Livgren’s poetry is almost 19th-century. He doesn’t write love songs.
“My charade is the event of the season.”
That sounds like something more from Oscar Wilde than a rock musician. Livgren paints in grand portraits the urge of humankind to find meaning.
“Now the earth gives forth its secrets,
Held in mountain sea and plain.”
It explains why he became a born again Christian, his search. About his religion I have no comment.
But reviewers tend to be pretty lazy. They do zero homework, offer zero context, decide whether they like something or don’t based on their own knee jerk reaction, and then make up a lot of bullshit to make it look like they know.
I’m no reviewer. I like the artists I like and could do a competent job reviewing their work. But I wouldn’t have the time to do it right in reviewing records about which I come in knowing little.
kansas was light years ahead of their contemporaries…
I never took rock critics very seriously. They are hung up on style and don’t care about substance. Although some of them wrote good reviews of prog-rock when it was young (late 60’s/early 70’s), they wanted nothing to do with prog-rock by the mid-70’s. These reviewers also resented the fact that bands like Kansas and Yes made it on the strength of their dedicated fan bases without having to suck-up to the critics or depend upon hit singles. I find it ironic that critics like Rolling Stone’s David Fricke or the Village Voice’s Lester Bangs can say Kansas is lacking in virtuosity. Have you ever read David Fricke’s list of the 100 Greatest Guitarists.

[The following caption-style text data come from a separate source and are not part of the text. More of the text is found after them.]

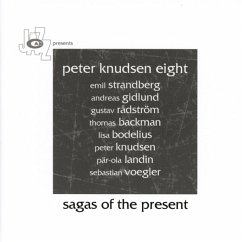 Sagas Of The Present - Knudsen,Peter Eight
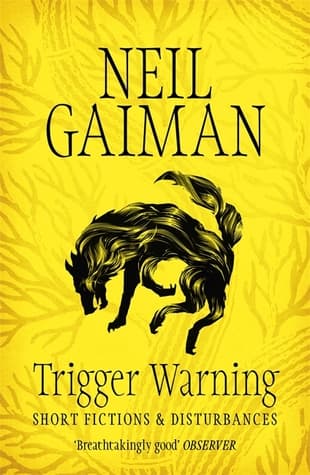 Trigger Warning by Neil Gaiman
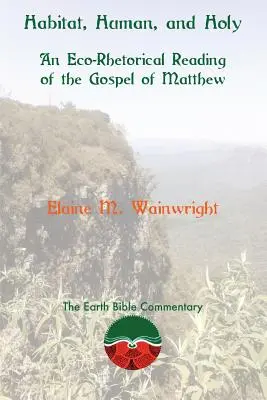 Siedlisko, człowiek i święty: Ekologiczno-retoryczne odczytanie Ewangelii Mateusza - Habitat, Human, and Holy: An Eco-Rhetorical Reading of the Gospel of Matthew
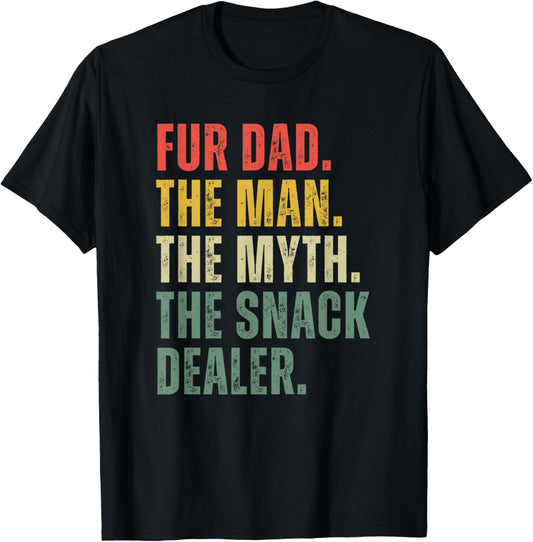 Fur Dad The Man The Myth The Snack Dealer Retro Fathers Day T-Shirt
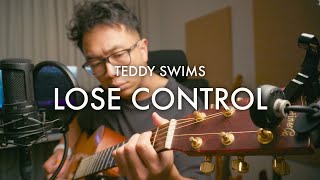 lose control  teddy swims solo acoustic cover [upl. by Eikin988]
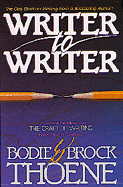 Writer to Writer - Thoene, Bodie, Ph.D., and Thoene, Brock, Ph.D.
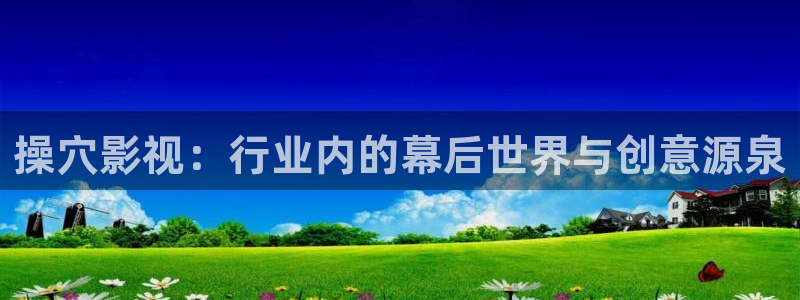 九七影视：操穴影视：行业内的幕后世界与创意源泉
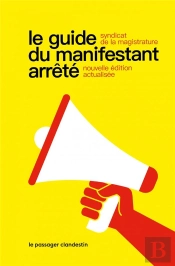 Le Guide Du Manifestant Arrêté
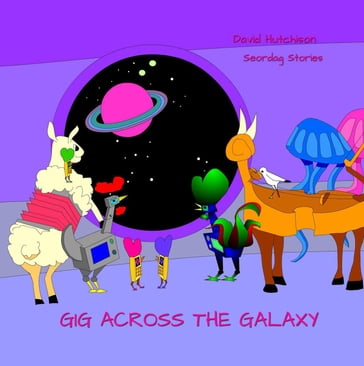 Gig Across The Galaxy - David Hutchison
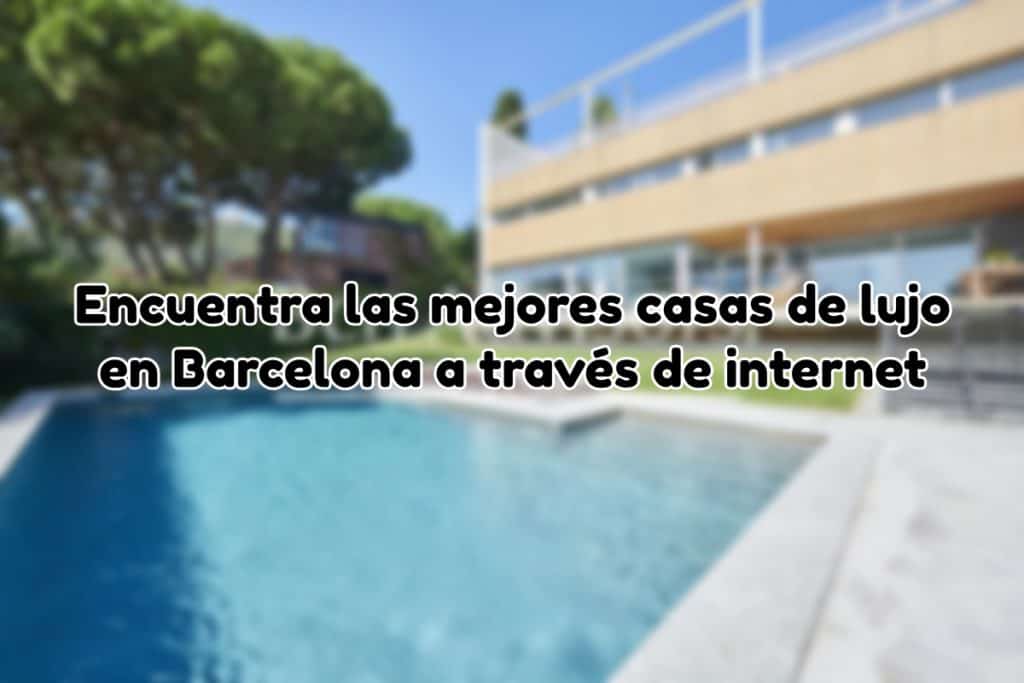 casas de lujo en Barcelona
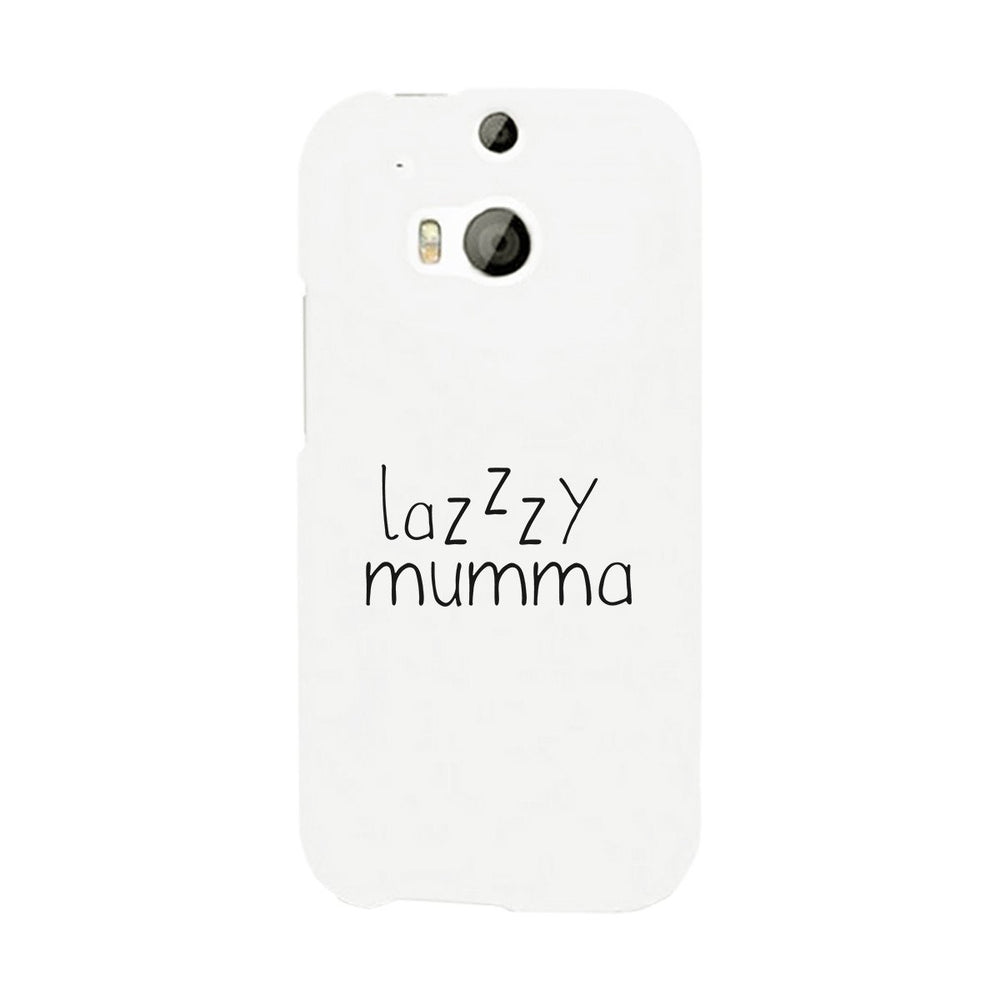 Lazzzy Mumma White Phone Case Funny Design Gifts For Lazy Moms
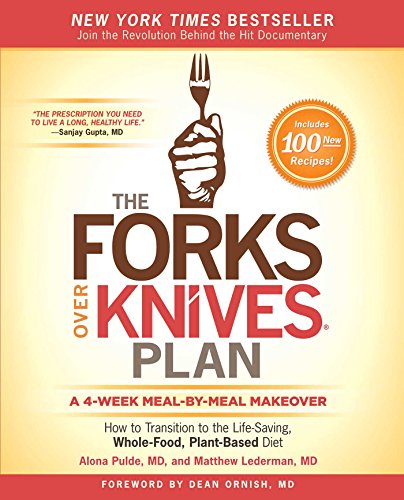 Imagen de archivo de The Forks Over Knives Plan: How to Transition to the Life-Saving, Whole-Food, Plant-Based Diet a la venta por Goodwill Books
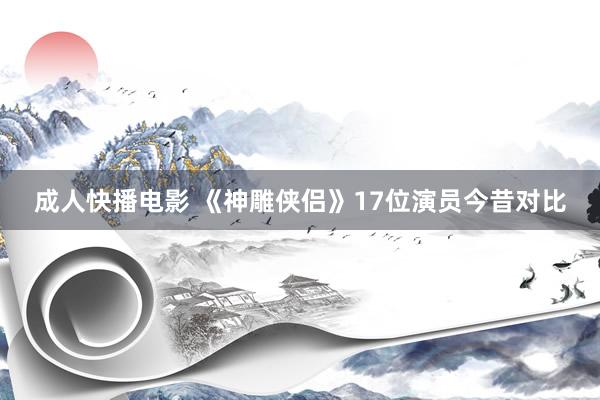 成人快播电影 《神雕侠侣》17位演员今昔对比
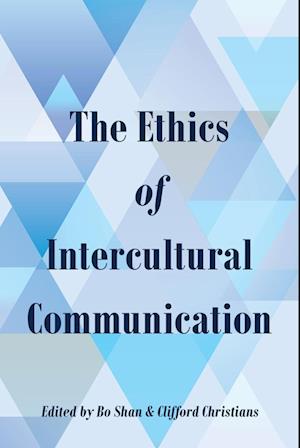 The Ethics of Intercultural Communication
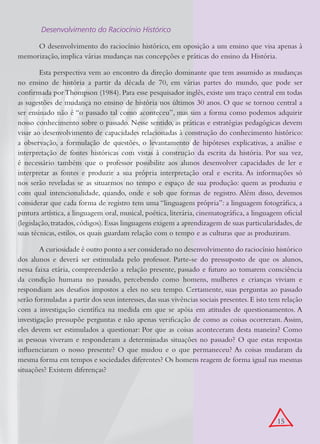  Desenvolvimento do Raciocínio Histórico

     O desenvolvimento do raciocínio histórico, em oposição a um ensino que visa apenas à
memorização, implica várias mudanças nas concepções e práticas do ensino da História.

        Esta perspectiva vem ao encontro da direção dominante que tem assumido as mudanças
no ensino de história a partir da década de 70, em várias partes do mundo, que pode ser
confirmada por Thompson (1984). Para esse pesquisador inglês, existe um traço central em todas
as sugestões de mudança no ensino de história nos últimos 30 anos. O que se tornou central a
ser ensinado não é “o passado tal como aconteceu”, mas sim a forma como podemos adquirir
nosso conhecimento sobre o passado. Nesse sentido, as práticas e estratégias pedagógicas devem
visar ao desenvolvimento de capacidades relacionadas à construção do conhecimento histórico:
a observação, a formulação de questões, o levantamento de hipóteses explicativas, a análise e
interpretação de fontes históricas com vistas à construção da escrita da história. Por sua vez,
é necessário também que o professor possibilite aos alunos desenvolver capacidades de ler e
interpretar as fontes e produzir a sua própria interpretação oral e escrita. As informações só
nos serão reveladas se as situarmos no tempo e espaço de sua produção: quem as produziu e
com qual intencionalidade, quando, onde e sob que formas de registro. Além disso, devemos
considerar que cada forma de registro tem uma “linguagem própria”: a linguagem fotográfica, a
pintura artística, a linguagem oral, musical, poética, literária, cinematográfica, a linguagem oficial
(legislação, tratados, códigos). Essas linguagens exigem a aprendizagem de suas particularidades, de
suas técnicas, estilos, os quais guardam relação com o tempo e as culturas que as produziram.

        A curiosidade é outro ponto a ser considerado no desenvolvimento do raciocínio histórico
dos alunos e deverá ser estimulada pelo professor. Parte-se do pressuposto de que os alunos,
nessa faixa etária, compreenderão a relação presente, passado e futuro ao tomarem consciência
da condição humana no passado, percebendo como homens, mulheres e crianças viviam e
respondiam aos desafios impostos a eles no seu tempo. Certamente, suas perguntas ao passado
serão formuladas a partir dos seus interesses, das suas vivências sociais presentes. E isto tem relação
com a investigação científica na medida em que se apóia em atitudes de questionamentos. A
investigação pressupõe perguntas e não apenas verificação de como as coisas ocorreram. Assim,
eles devem ser estimulados a questionar: Por que as coisas aconteceram desta maneira? Como
as pessoas viveram e responderam a determinadas situações no passado? O que estas respostas
influenciaram o nosso presente? O que mudou e o que permaneceu? As coisas mudaram da
mesma forma em tempos e sociedades diferentes? Os homens reagem de forma igual nas mesmas
situações? Existem diferenças?




                                                                                             15
 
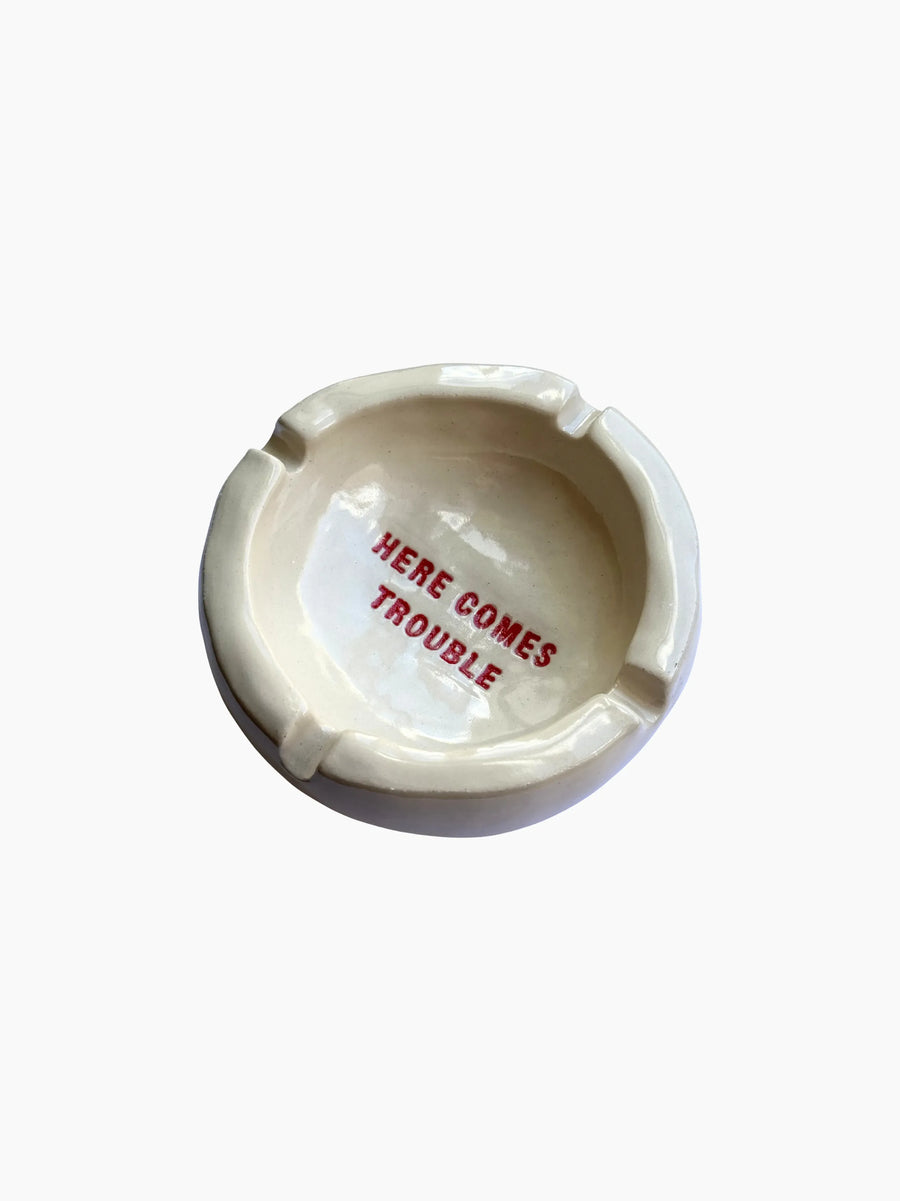 Here Comes Trouble Ashtray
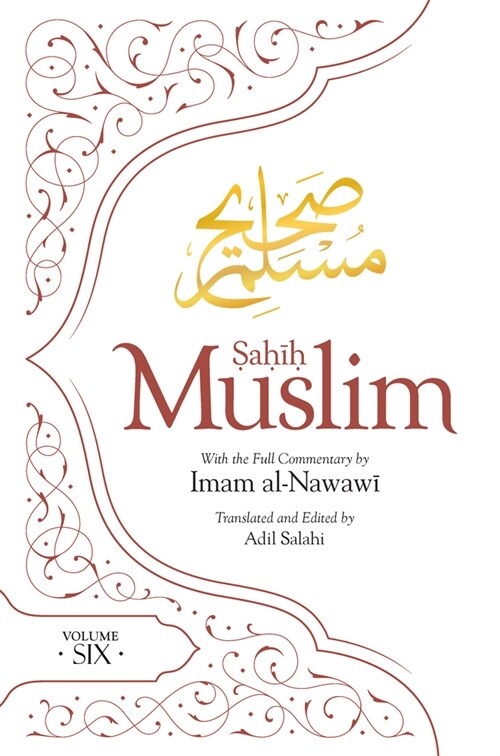 Sahih Muslim (Volume 6) : With the Full Commentary by Imam Nawawi (Hardcover)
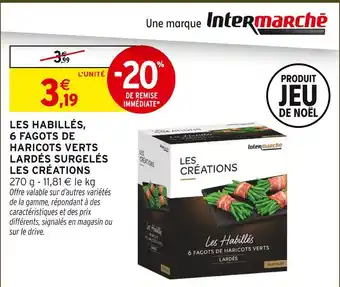 Intermarché Hyper Intermarché les habillés, 6 fagots de haricots verts lardés surgelés offre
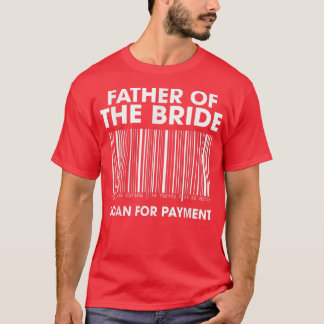 Camiseta Padre Del Escáner De Novias Para El Boda De Pagos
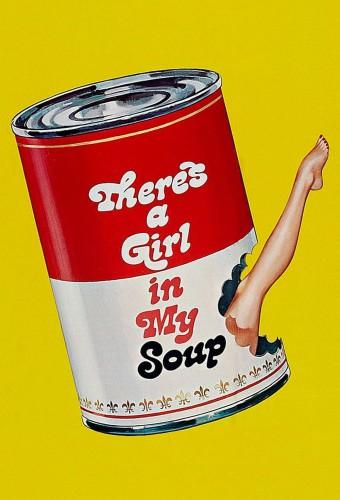 There's a Girl in My Soup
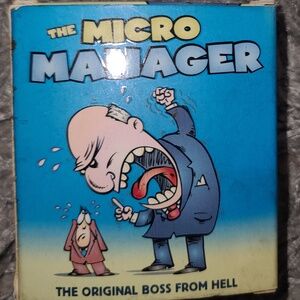 Micro Manager : Your Personal Boss from Hell New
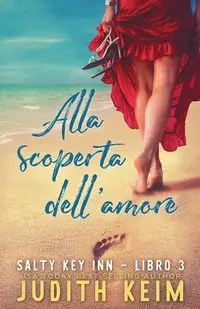 Alla scoperta dell' amore - Judith Keim - 2024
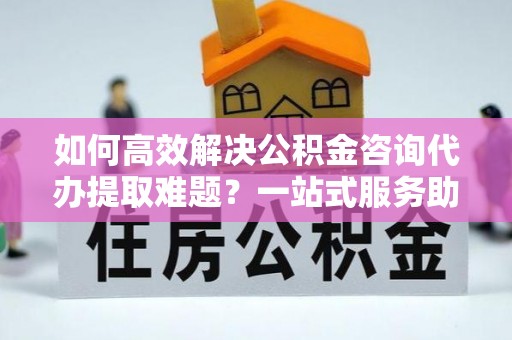 六脚如何高效解决公积金咨询代办提取难题？一站式服务助您轻松搞定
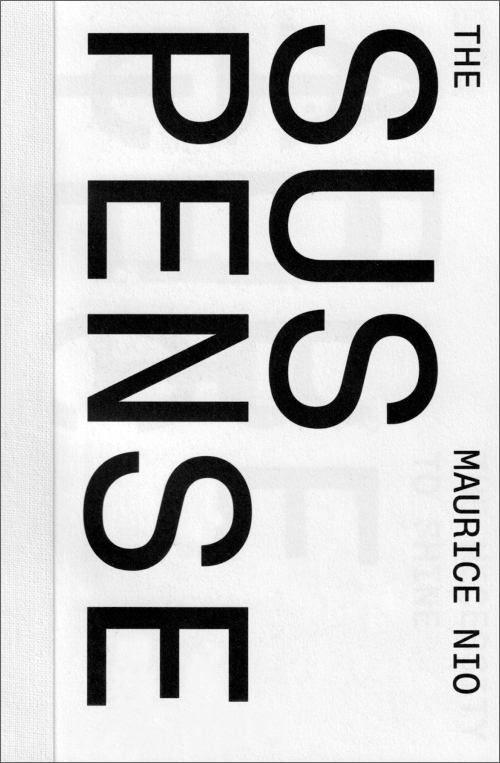 Maurice Nio - The Suspense of Architecture, The Necessity to Shine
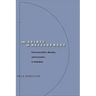 The Spirit of Development: Protestant Ngos, Morality, and Economics in Zimbabwe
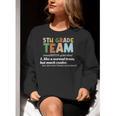 5TH Grade Team Teacher Like A Normal Team Fifth Grade Women Crewneck Sweatshirt, funny gift 5TH Grade Team Teacher Like A Normal Team Fifth Grade Women Crewneck Sweatshirt, funny gift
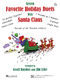 Favorite Holiday Duets with Santa Claus: Piano 4 Hands: Instrumental Album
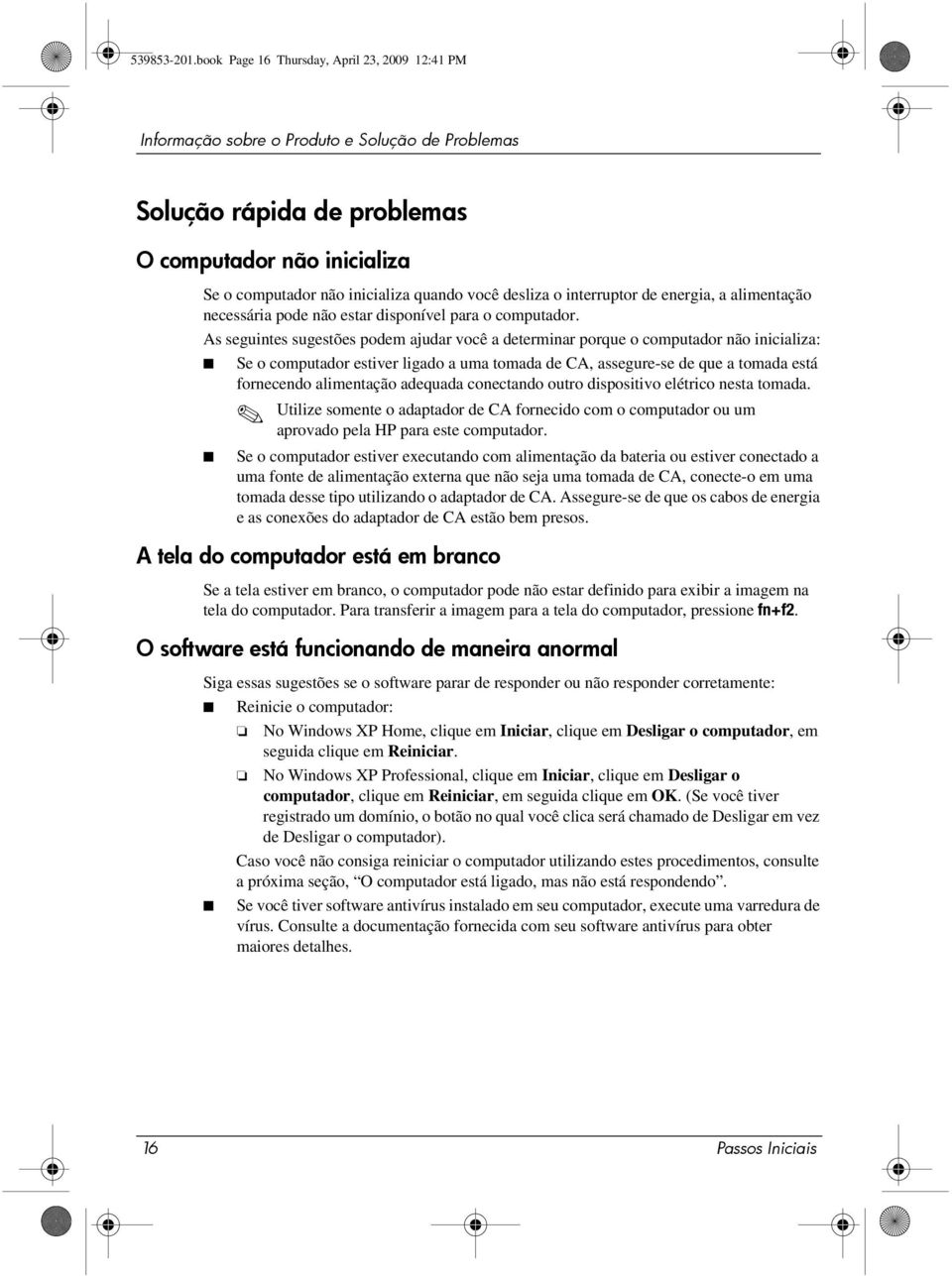 desliza o interruptor de energia, a alimentação necessária pode não estar disponível para o computador.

He has Kurt Cobain ranked in the 40’s while David Gilmour, Steve Howe, and Eddie Van Halen are ranked much further down in the 80’s. But the real kicker about Fricke’s list was he had 3-chord Johnny Ramone ranked in his top 20 greatest guitarists of all time. I could go on but I think that says it all. When I first started to play guitar, I learned several Ramone’s songs because they were the easiest songs on the planet to play. Johnny Ramone played 2-types of Chords–6th string Root Bar Chords and 5th string Root Bar Chords (often just 5ths). He had one tone and avoided lead guitar solos like the plague. But bands like the Clash, the Sex Pistols, and the Ramones are in the Rock n’ Roll hall of fame because they “needed the critics to invent credibility for them”.
They were also readily accessible to the critics–they usually lived in London or NYC (and later LA) instead of Kansas.
Great comment. I never understood why “Punk Rock” bands that could not play, or even sing are revered and lionized so much. I feel the same about Rap and Hip-Hop, and “chainsaw style” guitar bashers. I guess it is all about just theater and spectacle for some people. But musically and compositionally what Kansas did from 1974-1978 is something we will never encounter again in popular music. They were true muscial geniuses.
What a thoughtful review, and additionally, the comments that follow the review are equally thoughtful and warmly appreciative of a band that is multi-faceted and genuinely original, even as all music, like all art, is to some degree inspired by what came before it. Each band or artist is like a fingerprint or a snowflake, and as such leaves its own, unique musical imprint on the world. Personally, I don’t have the musical knowledge to leave a worthwhile review, but I do have the heart and the musical enthusiasm simply to say that I love Kansas and much of the music that they inspired and which inspired them. I thank God for all of it.